At the time of writing this abstract, although the annotations have been produced and the software to apply the
leaf-ancestor metric to them has been written, the process of using the software to extract quantitative results
has only just begun. We find that the overall correspondence between the two analysts' annotations of the
20,000-word sample is about 0.94, but this figure in isolation is not very meaningful. More interesting will be
data on how the approx. 0.06 incidence of discrepancy divides between different aspects of language
structure, and between scheme vagueness and human error. Detailed findings on those issues will be
presented at the Osnabrück conference.
References
Babarczy, Anna, J. Carroll, and G.R. Sampson (2006) “Definitional, personal, and mechanical constraints
on part of speech annotation performance”, J. of Natural Language Engineering 11.1-14.

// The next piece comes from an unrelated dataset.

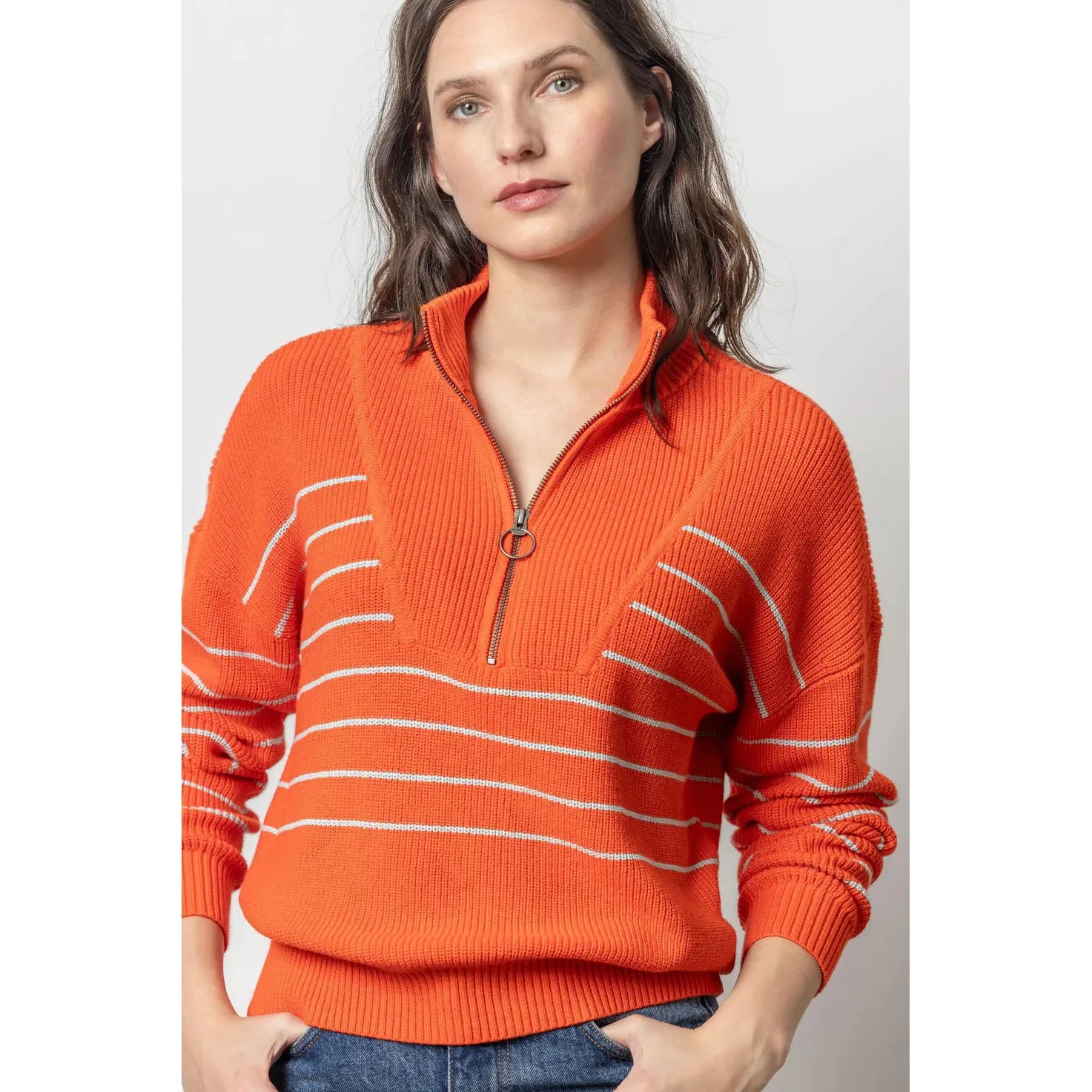 Cashmere Women Sweater with a Luxurious Soft TouchCashmere Women Sweater with a Luxurious Soft TouchLilla P Striped Zip Front Sweater in Permission Stripe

Blaheta, D. (2002) “Handling noisy training and testing data”, Proc. 7th EMNLP, Philadelphia.
Brants, T. (2000) “Inter-annotator agreement for a German newspaper corpus”. Proc. LREC-2000, Athens.
Dickinson, M. and W.D. Meurers (2003) “Detecting errors in part-of-speech annotation”. Proc. 11th
EACL, Budapest.
Lin, D. (2003) “Dependency-based evaluation of Minipar”. In A. Abeillé, ed., Treebanks, Kluwer, pp.
317-29.
Sampson, G.R. (1995) English for the Computer. Clarendon Press (Oxford University Press).
Sampson, G.R. (2000) “A proposal for improving the measurement of parse accuracy”, International J. of
Corpus Linguistics 5.53-68.
Sampson, G.R. and Anna Babarczy (2003) “A test of the leaf-ancestor metric for parse accuracy”, J. of
Natural Language Engineering 9.365-80.
Voutilainen, A. (1999) “An experiment on the upper bound of interjudge agreement: the case of tagging”.
Proc. 9th Conference of EACL, Bergen, pp. 204-8.